Remaining question could be

* Ideal flat fine art (color) reproduction light would be flash or continuous?
(probably the answer would be the second, but with other than halogen/quartz but some "day light" source may be.

By the way, has anyone encounter problems with the color blue when is just before it becomes green? I remembered when I was asked by an ad agency to photograph a new model of disposable shaving razors, don't remember the brand. The color was that, and came out totally wrong in digital capture (with flash), when I shot a transparency, using the same light, film reproduced the color well.

thanks, leonardo
 
I am suprised no one has mentioned gels, gel the lights and you can use either contious or flash, if using continous it may be hot make sure they dont get to close to very old painting for long periods of time. I would say gel your lights ideally with a color meter and then set the back accordingly.

Stephen
 
Stephen Eastwood said:
I am suprised no one has mentioned gels, gel the lights and you can use either contious or flash, if using continous it may be hot make sure they dont get to close to very old painting for long periods of time. I would say gel your lights ideally with a color meter and then set the back accordingly.

Stephen

It is an interesting idea. With film, tungsten balanced transparency film was used, quartz lights where balanced to the K. degrees, but small differences where always there, so small corrections had to be done measuring the light with a color meter and adding a gelatin filter in the back of the 4 x 5 lens.
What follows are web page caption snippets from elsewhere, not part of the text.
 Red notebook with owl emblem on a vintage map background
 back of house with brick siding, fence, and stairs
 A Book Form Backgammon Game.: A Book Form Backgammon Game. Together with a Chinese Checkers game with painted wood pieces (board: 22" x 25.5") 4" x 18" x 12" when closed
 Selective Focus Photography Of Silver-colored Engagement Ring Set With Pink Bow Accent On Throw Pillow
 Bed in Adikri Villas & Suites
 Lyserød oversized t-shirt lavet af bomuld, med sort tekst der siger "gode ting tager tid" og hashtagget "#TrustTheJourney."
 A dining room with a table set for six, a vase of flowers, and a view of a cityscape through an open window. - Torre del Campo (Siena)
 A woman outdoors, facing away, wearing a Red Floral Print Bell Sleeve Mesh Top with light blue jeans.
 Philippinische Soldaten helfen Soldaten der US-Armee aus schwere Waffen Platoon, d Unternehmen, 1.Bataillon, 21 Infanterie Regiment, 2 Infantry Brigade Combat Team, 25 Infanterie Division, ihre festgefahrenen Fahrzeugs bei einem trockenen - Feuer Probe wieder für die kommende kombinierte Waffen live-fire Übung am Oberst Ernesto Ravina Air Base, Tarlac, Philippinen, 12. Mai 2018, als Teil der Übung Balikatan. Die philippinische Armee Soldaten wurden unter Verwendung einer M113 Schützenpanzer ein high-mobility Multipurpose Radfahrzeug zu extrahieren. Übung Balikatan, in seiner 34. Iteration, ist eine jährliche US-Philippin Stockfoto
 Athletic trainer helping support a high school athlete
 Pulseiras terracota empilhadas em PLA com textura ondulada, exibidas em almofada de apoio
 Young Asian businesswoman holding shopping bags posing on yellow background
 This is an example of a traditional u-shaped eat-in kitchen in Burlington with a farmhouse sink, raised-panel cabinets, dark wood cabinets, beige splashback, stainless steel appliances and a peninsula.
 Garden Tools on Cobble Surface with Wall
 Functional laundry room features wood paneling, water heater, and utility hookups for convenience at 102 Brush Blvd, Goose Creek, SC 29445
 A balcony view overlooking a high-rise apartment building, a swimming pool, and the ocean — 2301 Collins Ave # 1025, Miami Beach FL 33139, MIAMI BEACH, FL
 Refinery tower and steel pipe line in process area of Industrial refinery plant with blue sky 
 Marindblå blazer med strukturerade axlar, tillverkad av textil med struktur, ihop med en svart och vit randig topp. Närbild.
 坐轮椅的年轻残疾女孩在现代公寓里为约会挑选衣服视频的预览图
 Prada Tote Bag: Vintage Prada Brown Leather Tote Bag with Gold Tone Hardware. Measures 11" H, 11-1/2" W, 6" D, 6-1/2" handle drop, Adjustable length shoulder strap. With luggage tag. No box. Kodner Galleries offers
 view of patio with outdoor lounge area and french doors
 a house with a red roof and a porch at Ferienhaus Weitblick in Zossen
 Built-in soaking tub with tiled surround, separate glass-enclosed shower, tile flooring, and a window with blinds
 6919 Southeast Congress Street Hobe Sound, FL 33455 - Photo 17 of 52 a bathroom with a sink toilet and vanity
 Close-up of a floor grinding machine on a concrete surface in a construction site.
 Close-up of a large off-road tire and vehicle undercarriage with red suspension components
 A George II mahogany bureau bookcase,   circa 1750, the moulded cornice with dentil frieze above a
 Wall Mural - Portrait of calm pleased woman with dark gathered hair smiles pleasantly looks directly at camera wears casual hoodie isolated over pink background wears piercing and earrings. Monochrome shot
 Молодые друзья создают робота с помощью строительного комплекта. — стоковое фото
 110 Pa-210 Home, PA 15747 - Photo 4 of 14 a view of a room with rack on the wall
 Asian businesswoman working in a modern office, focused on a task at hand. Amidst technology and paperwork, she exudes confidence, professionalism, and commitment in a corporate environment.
With digital I think that it would be inefficient to set the camera to "day light" and then convert the "tungsten" lamps also to day light because you would loose about 50% of the "intensity".

The question would be, now that we know that this lights have a deficiency of blue, would you get it back with gelatin filters either on the lens or in front of the lights? I would guess not..
 

Jack_Flesher

New member
Don Lashier said:
But note that cobalt blue had delta-e of 7.3 and phthalocyanine green was even higher at 8.6.

But the point here is that tungsten-halogen is considered the norm for quality repro lighting, cobalt blue problems or not. The objection I've heard about HMI is the high amounts of uv.

- DL

Don:

I am not saying it can't be done -- again all I am saying is that using tungsten is going to make it tough to get accurate reproductions of saturated blues and cyans. I could not find of the date of the study you linked to and a lot has changed in the last two years. The fact is a delta-e of 7 or 8 is significant by anybody's standard. It is obviously acceptable to some museums and not others -- and even becomes irrelevant if the artwork being copied only contains red :)

FTR, I indicated HID and NOT HMI lighting -- big difference in color output.

Gelling the tungsten is a good idea, but an 80B will knock a 1000 watt light down to 500 watts in a hurry ;)

Cheers,
 

Don Lashier

New member
> I could not find of the date of the study you linked to and a lot has changed in the last two years.

February, 2005.

HID lights do look like the superior option, better spectrum, less heat, low UV - but OUCH on the price.

ps: this also begs the question (pardon improper usage), what are you trying to reproduce? The appearance of a painting in the gallery where preferred lighting is typically ~3500K halogen or the original daylight lighting only seen in the artist's studio?